Start of Records for the task
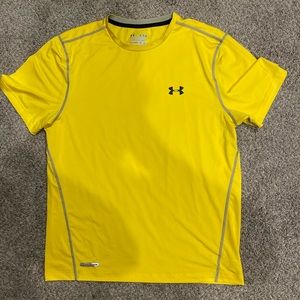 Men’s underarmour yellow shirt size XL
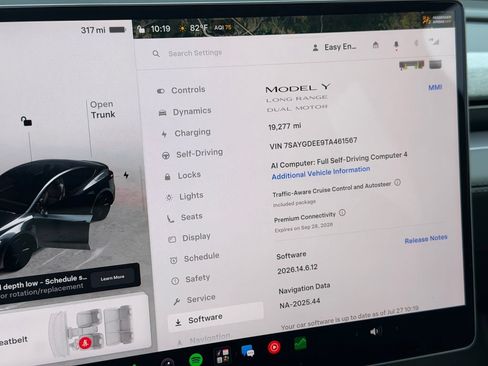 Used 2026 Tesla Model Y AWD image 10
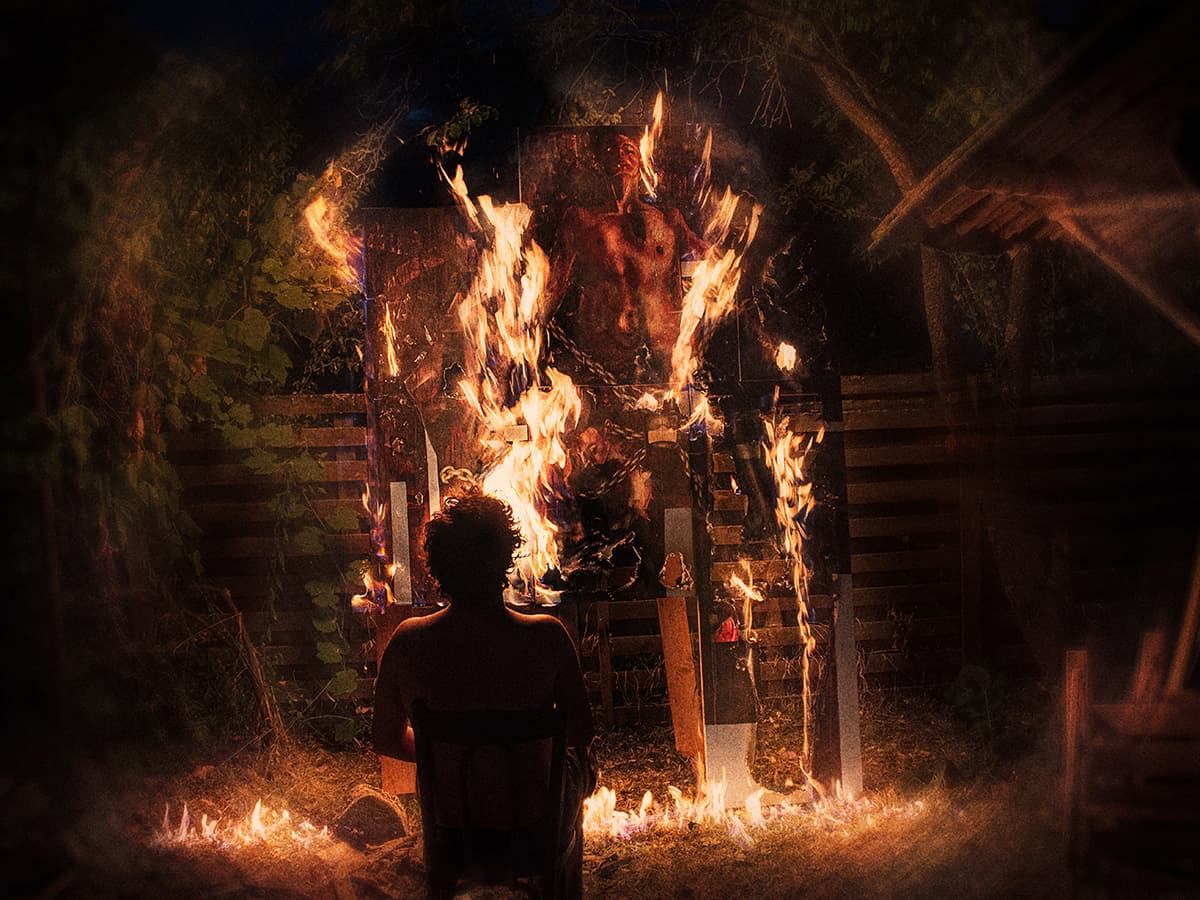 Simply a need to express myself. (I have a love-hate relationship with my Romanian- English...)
End of Records for the task
Start of Records for the task
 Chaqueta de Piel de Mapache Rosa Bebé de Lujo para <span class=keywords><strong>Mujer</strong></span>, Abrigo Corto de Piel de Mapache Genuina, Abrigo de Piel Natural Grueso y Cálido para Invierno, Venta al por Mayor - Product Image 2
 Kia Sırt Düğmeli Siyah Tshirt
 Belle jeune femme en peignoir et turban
End of Records for the task
#### [Task description]
A clean copy is needed of the lines above from the one with "Used 2026 Tesla Model Y AWD image 10" up to and including the one with "Simply a need". Please set it down exactly, with no pictures.

#### [Exercise output]
 Used 2026 Tesla Model Y AWD image 10
 Simply a need to express myself. (I have a love-hate relationship with my Romanian- English...)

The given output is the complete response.